◆ **Exercise goal**:
All of the lines below should be printed again exactly as they are.

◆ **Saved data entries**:
--- START ---

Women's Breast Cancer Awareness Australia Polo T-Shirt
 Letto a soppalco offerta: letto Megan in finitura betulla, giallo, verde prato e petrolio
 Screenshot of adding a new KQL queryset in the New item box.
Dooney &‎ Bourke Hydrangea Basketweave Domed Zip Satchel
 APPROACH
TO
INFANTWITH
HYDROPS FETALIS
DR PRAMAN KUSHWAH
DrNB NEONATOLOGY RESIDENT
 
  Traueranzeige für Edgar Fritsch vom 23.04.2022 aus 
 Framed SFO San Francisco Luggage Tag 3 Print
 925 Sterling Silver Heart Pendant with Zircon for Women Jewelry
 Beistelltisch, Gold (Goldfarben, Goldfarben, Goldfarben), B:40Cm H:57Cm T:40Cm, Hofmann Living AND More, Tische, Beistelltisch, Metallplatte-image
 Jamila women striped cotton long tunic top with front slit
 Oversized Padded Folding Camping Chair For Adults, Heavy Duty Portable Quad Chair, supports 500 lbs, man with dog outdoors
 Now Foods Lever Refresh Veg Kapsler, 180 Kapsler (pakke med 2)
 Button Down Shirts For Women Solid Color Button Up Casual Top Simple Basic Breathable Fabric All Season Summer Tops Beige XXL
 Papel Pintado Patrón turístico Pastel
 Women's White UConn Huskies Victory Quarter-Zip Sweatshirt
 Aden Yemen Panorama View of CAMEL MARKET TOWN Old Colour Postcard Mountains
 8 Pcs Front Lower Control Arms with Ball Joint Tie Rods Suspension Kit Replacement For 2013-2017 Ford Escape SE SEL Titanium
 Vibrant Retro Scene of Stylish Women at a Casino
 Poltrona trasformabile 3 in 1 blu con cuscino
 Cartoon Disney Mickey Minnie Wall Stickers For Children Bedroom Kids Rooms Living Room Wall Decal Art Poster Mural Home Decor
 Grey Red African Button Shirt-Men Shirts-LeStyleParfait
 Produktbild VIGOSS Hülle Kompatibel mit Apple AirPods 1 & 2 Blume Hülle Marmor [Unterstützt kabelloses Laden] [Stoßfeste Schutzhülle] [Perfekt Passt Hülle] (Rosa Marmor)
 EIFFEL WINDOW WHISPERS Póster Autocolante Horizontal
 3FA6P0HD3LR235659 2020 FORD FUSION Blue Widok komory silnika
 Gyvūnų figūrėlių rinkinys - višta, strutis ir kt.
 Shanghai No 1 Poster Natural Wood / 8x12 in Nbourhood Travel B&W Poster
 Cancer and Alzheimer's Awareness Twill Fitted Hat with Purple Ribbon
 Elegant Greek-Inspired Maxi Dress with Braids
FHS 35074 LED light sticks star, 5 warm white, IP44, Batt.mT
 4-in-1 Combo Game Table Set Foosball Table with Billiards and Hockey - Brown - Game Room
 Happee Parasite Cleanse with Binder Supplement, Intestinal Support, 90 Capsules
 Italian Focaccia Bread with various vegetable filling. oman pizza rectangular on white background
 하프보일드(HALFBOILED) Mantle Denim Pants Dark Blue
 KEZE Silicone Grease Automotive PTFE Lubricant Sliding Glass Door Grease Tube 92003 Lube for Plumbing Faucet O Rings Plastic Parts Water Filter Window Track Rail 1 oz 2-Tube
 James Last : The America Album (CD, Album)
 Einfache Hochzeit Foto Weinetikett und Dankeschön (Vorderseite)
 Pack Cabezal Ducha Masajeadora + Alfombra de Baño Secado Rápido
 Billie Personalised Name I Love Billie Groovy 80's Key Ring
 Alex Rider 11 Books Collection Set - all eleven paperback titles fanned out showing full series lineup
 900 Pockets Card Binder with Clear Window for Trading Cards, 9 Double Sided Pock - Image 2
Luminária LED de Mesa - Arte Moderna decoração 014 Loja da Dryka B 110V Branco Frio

--- END ---

◆ **Solution to the exercise**:
Women's Breast Cancer Awareness Australia Polo T-Shirt
 Letto a soppalco offerta: letto Megan in finitura betulla, giallo, verde prato e petrolio
 Screenshot of adding a new KQL queryset in the New item box.
Dooney &‎ Bourke Hydrangea Basketweave Domed Zip Satchel
 APPROACH
TO
INFANTWITH
HYDROPS FETALIS
DR PRAMAN KUSHWAH
DrNB NEONATOLOGY RESIDENT
 
  Traueranzeige für Edgar Fritsch vom 23.04.2022 aus 
 Framed SFO San Francisco Luggage Tag 3 Print
 925 Sterling Silver Heart Pendant with Zircon for Women Jewelry
 Beistelltisch, Gold (Goldfarben, Goldfarben, Goldfarben), B:40Cm H:57Cm T:40Cm, Hofmann Living AND More, Tische, Beistelltisch, Metallplatte-image
 Jamila women striped cotton long tunic top with front slit
 Oversized Padded Folding Camping Chair For Adults, Heavy Duty Portable Quad Chair, supports 500 lbs, man with dog outdoors
 Now Foods Lever Refresh Veg Kapsler, 180 Kapsler (pakke med 2)
 Button Down Shirts For Women Solid Color Button Up Casual Top Simple Basic Breathable Fabric All Season Summer Tops Beige XXL
 Papel Pintado Patrón turístico Pastel
 Women's White UConn Huskies Victory Quarter-Zip Sweatshirt
 Aden Yemen Panorama View of CAMEL MARKET TOWN Old Colour Postcard Mountains
 8 Pcs Front Lower Control Arms with Ball Joint Tie Rods Suspension Kit Replacement For 2013-2017 Ford Escape SE SEL Titanium
 Vibrant Retro Scene of Stylish Women at a Casino
 Poltrona trasformabile 3 in 1 blu con cuscino
 Cartoon Disney Mickey Minnie Wall Stickers For Children Bedroom Kids Rooms Living Room Wall Decal Art Poster Mural Home Decor
 Grey Red African Button Shirt-Men Shirts-LeStyleParfait
 Produktbild VIGOSS Hülle Kompatibel mit Apple AirPods 1 & 2 Blume Hülle Marmor [Unterstützt kabelloses Laden] [Stoßfeste Schutzhülle] [Perfekt Passt Hülle] (Rosa Marmor)
 EIFFEL WINDOW WHISPERS Póster Autocolante Horizontal
 3FA6P0HD3LR235659 2020 FORD FUSION Blue Widok komory silnika
 Gyvūnų figūrėlių rinkinys - višta, strutis ir kt.
 Shanghai No 1 Poster Natural Wood / 8x12 in Nbourhood Travel B&W Poster
 Cancer and Alzheimer's Awareness Twill Fitted Hat with Purple Ribbon
 Elegant Greek-Inspired Maxi Dress with Braids
FHS 35074 LED light sticks star, 5 warm white, IP44, Batt.mT
 4-in-1 Combo Game Table Set Foosball Table with Billiards and Hockey - Brown - Game Room
 Happee Parasite Cleanse with Binder Supplement, Intestinal Support, 90 Capsules
 Italian Focaccia Bread with various vegetable filling. oman pizza rectangular on white background
 하프보일드(HALFBOILED) Mantle Denim Pants Dark Blue
 KEZE Silicone Grease Automotive PTFE Lubricant Sliding Glass Door Grease Tube 92003 Lube for Plumbing Faucet O Rings Plastic Parts Water Filter Window Track Rail 1 oz 2-Tube
 James Last : The America Album (CD, Album)
 Einfache Hochzeit Foto Weinetikett und Dankeschön (Vorderseite)
 Pack Cabezal Ducha Masajeadora + Alfombra de Baño Secado Rápido
 Billie Personalised Name I Love Billie Groovy 80's Key Ring
 Alex Rider 11 Books Collection Set - all eleven paperback titles fanned out showing full series lineup
 900 Pockets Card Binder with Clear Window for Trading Cards, 9 Double Sided Pock - Image 2
Luminária LED de Mesa - Arte Moderna decoração 014 Loja da Dryka B 110V Branco Frio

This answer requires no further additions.